_What the task requires_.
Going from the line that contains "this 600×400 image." through the last line of the records, set down each line again exactly, both included, with pictures left out.

_Given entries_.

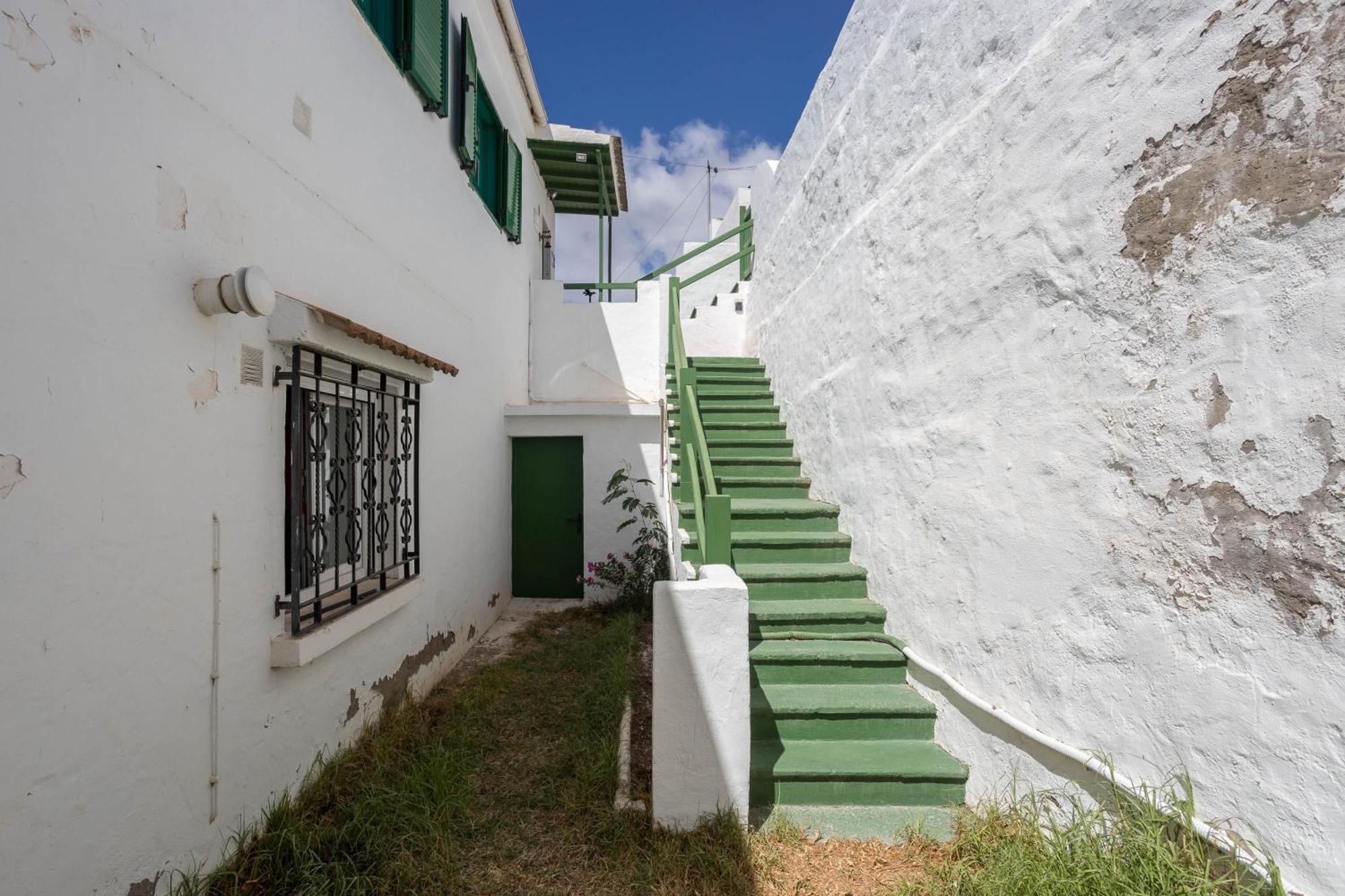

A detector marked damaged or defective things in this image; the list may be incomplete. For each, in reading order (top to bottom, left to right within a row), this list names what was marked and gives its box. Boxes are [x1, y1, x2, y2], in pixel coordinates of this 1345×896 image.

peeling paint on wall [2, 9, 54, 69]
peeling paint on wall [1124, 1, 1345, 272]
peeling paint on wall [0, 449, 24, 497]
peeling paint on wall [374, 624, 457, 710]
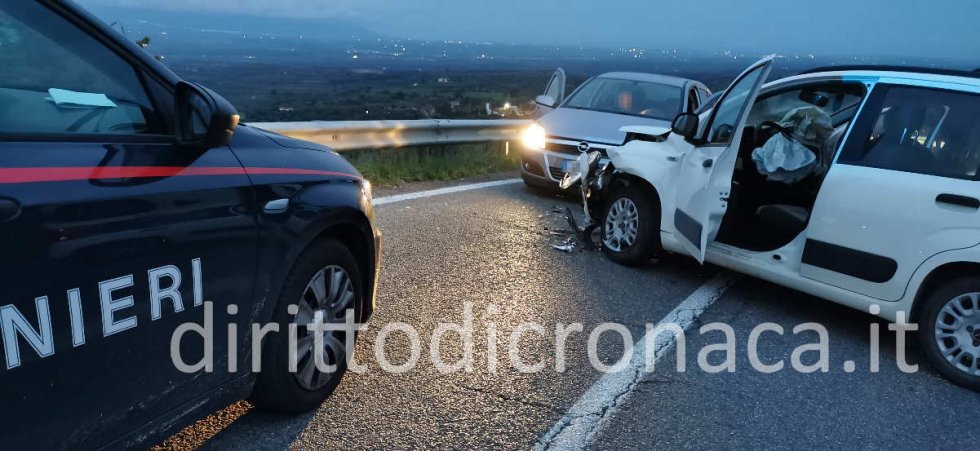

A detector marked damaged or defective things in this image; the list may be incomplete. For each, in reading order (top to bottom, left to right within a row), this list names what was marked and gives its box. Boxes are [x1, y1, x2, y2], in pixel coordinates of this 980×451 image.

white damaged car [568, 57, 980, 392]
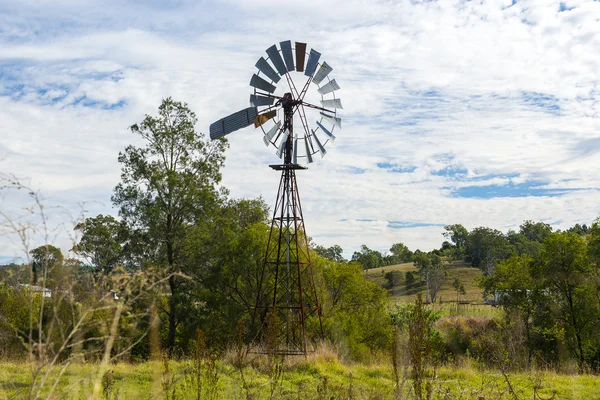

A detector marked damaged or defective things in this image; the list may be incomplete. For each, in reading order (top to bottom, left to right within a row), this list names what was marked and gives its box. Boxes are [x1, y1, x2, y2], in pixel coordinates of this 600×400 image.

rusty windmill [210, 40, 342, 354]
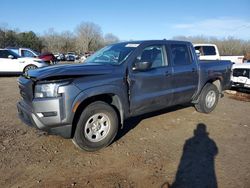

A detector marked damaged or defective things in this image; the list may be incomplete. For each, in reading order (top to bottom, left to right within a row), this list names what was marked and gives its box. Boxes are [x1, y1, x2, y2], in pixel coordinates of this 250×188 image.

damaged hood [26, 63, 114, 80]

_Result of the exercise_.
A detector marked damaged or defective things in this image; the list may be incomplete. For each, in reading order (top to bottom, left to right within a row), this list names what was marked and gives its box. Boxes are [x1, y1, x2, y2], in pixel coordinates of this 600×400 image.

rusty windmill [210, 40, 342, 354]

A detector marked damaged or defective things in this image; the list may be incomplete. For each, in reading order (top to bottom, left to right within a row), this list names what was marked and gives its box. Boxes are [x1, y1, x2, y2], in pixel coordinates of this 250×188 image.

damaged hood [26, 63, 114, 80]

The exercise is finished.